Several months ago I wrote about the myth of the welfare queen, and at that time I said that while there was some truth in it, some people abuse the system, I also stated that it was like Bigfoot or an UFO.  Something reported often, but there just wasn't much proof of it.  Well, I stand here today telling you all, I was wrong.  There are welfare queens.  They leech off the system, and we need to cut these ticks off.
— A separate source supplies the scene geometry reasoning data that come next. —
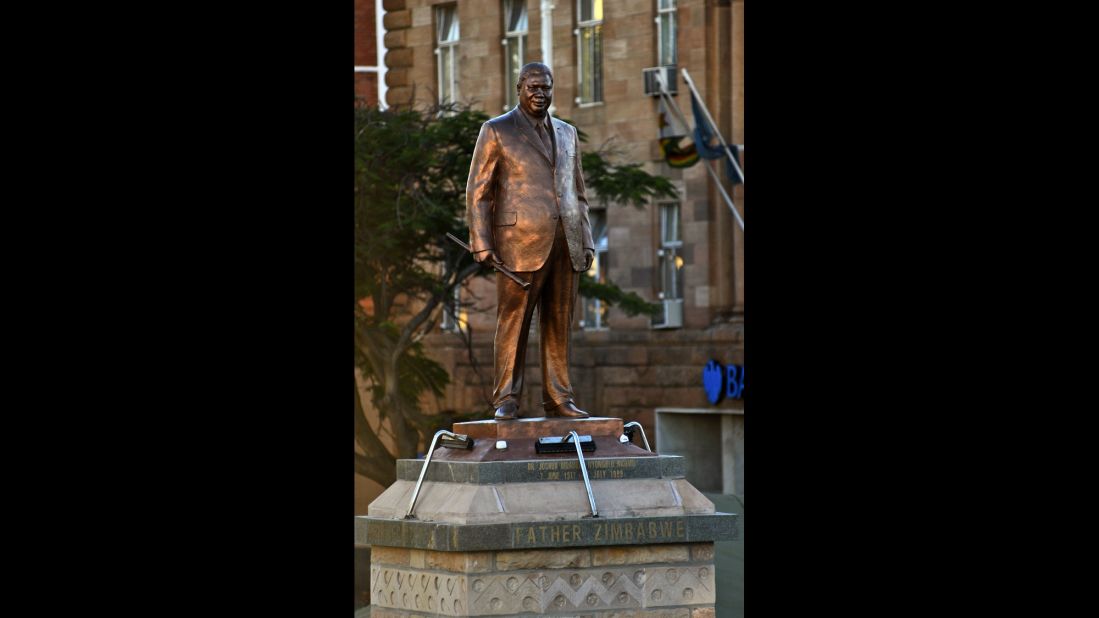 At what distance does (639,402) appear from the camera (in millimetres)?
35500

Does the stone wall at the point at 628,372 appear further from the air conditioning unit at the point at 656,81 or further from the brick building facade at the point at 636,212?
the air conditioning unit at the point at 656,81

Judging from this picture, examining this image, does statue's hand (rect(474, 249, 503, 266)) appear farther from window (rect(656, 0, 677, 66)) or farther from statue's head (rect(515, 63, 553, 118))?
window (rect(656, 0, 677, 66))

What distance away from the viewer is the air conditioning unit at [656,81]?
1369 inches

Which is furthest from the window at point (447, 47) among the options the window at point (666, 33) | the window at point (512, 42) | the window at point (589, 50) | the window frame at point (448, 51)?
the window at point (666, 33)

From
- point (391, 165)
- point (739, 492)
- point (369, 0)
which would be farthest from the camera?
point (369, 0)

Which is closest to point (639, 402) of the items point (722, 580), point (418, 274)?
point (418, 274)

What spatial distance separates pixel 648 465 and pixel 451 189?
15536 mm

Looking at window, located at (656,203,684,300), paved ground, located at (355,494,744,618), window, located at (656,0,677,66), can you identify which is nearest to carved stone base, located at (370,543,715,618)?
paved ground, located at (355,494,744,618)

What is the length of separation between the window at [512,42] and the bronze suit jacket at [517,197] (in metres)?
22.3

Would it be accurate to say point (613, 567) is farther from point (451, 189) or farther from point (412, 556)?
point (451, 189)

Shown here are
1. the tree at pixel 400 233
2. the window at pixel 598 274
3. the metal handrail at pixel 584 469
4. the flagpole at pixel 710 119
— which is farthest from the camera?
the window at pixel 598 274

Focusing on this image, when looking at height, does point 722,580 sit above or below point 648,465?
below

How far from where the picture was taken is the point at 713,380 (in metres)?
33.8

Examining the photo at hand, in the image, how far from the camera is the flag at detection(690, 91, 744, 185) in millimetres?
32844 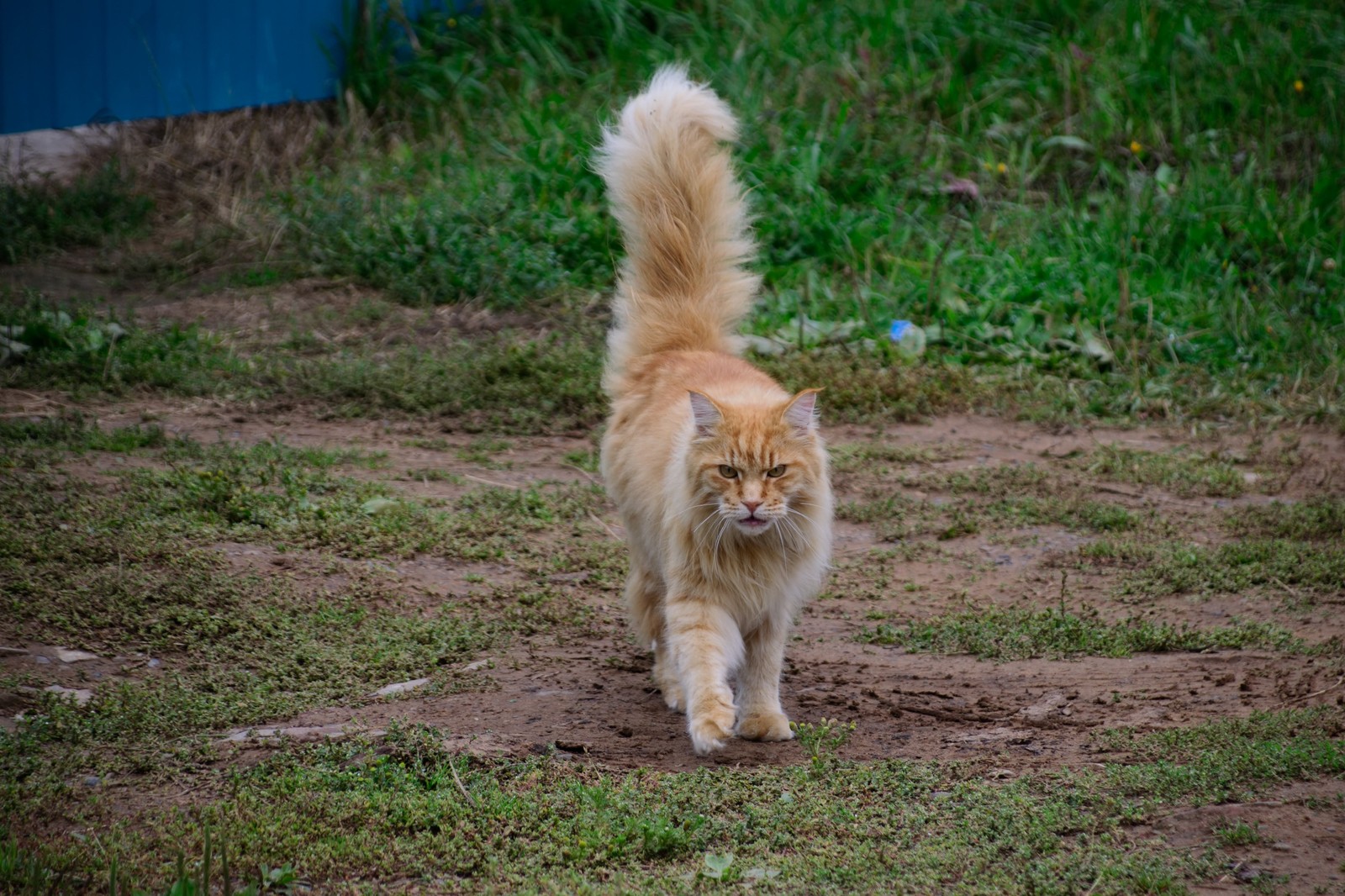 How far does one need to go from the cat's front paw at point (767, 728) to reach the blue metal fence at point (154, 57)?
702cm

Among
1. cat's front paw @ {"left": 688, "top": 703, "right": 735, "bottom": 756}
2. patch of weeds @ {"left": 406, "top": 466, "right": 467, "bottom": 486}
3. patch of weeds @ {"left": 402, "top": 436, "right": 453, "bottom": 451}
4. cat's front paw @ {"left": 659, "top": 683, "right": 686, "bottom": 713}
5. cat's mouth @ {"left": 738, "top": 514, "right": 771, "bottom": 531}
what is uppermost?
cat's mouth @ {"left": 738, "top": 514, "right": 771, "bottom": 531}

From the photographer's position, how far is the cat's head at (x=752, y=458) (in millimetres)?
3811

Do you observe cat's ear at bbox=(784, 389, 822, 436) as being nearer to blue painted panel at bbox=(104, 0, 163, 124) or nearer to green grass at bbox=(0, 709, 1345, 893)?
green grass at bbox=(0, 709, 1345, 893)

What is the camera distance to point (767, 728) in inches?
150

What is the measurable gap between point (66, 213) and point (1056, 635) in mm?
7025

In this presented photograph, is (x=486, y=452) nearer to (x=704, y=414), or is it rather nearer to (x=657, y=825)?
(x=704, y=414)

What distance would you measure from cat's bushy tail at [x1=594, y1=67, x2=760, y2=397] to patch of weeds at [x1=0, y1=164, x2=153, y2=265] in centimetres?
489

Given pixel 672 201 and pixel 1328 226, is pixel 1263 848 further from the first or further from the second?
pixel 1328 226

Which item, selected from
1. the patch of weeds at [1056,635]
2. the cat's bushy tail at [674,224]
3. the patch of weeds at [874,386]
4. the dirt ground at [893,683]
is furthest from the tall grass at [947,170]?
the patch of weeds at [1056,635]

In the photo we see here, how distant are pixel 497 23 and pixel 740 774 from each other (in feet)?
26.5

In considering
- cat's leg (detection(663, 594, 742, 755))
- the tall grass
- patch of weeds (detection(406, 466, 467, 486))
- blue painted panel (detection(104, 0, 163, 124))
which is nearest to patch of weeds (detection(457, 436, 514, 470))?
patch of weeds (detection(406, 466, 467, 486))

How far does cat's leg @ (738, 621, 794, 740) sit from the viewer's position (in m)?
3.81

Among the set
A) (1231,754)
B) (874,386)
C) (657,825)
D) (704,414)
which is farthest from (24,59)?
(1231,754)

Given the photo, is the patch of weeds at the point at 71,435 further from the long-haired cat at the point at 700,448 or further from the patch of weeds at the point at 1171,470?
the patch of weeds at the point at 1171,470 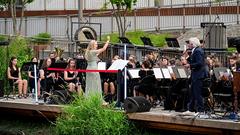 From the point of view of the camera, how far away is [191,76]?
14539 mm

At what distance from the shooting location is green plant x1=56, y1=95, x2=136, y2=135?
596 inches

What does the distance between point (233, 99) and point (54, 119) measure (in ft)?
17.8

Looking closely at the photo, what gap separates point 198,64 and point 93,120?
292cm

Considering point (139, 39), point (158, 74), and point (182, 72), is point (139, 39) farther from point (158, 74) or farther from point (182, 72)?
point (182, 72)

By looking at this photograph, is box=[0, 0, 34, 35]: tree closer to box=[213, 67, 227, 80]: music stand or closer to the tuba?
the tuba

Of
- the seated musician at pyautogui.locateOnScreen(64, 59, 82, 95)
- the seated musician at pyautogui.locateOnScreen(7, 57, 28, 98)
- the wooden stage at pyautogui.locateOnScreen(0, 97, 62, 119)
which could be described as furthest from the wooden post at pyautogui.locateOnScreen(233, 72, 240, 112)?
the seated musician at pyautogui.locateOnScreen(7, 57, 28, 98)

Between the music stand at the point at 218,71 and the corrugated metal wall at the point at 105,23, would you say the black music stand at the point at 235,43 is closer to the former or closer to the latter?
the music stand at the point at 218,71

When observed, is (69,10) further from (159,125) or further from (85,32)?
(159,125)

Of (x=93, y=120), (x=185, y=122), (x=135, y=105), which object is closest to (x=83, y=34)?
(x=93, y=120)

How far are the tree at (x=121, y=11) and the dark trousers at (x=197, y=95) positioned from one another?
46.1 feet

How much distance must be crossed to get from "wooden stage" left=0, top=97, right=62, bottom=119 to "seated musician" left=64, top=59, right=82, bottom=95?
89 centimetres

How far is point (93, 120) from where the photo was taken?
15281mm

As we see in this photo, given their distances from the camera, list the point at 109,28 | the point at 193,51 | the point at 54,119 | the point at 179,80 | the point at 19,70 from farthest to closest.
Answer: the point at 109,28 → the point at 19,70 → the point at 54,119 → the point at 179,80 → the point at 193,51


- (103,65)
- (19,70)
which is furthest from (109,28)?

So, everyone ready.  Lets go round us up some welfare queens shall we?  Well... I tried to find a list, but Google nor my brain are functioning properly.  So, douse the torches, hang the pitchforks on the all, and lets just talk, because we can reason through this first.  If that fails, we can look to other options.

So, Boeing took home thirteen billion ($13,000,000,000) dollars in government subsidies, while making a profit of four and a half billion before the subsidies.  Not great profit for a company that is pretty large, but thats still a lot of money, more so when you take into account the fact they didn't pay any taxes.  Intel, god bless Intel, the maker of the processor that is likely powering your computer as you read this.  Well, they grabbed $3.8 Billion dollars ($3,800,000,000), while making a lackluster $9.6 Billion ($9,600,000,000).  Now I have heard that the boarder issue could be greatly helped by $3.7 billion, but I do not see a fence as being the answer (Israel tried that, now they have a bunch of tunnels to deal with).

Look, I am not against corporate welfare in its entirety.  It can be used to keep prices artificially lower.  However, I have a problem here, my cognitive dissonance starts kicking in, red flags start waving, and I hear a train horn going off somewhere in the bowels of my mind.  Sure, corporate welfare can keep prices artificially low, but they come with a cost, and if not for a slight readjustment of principles would not be needed. 

See, the problem is that corporations exist to profit.  More profit equals more success, which means the companies that profit the most, grow and gain greater profits.  Less successful companies do not grow (they remain static) or they fail.  At one time, this worked.  A company that was run correctly, would meet success, which then went to better wages, and job perks.  Today, the system is broken, a company being run correctly makes profit, but that profit might mean axing the jobs of a thousand people, while moving other jobs to a second or third world country. 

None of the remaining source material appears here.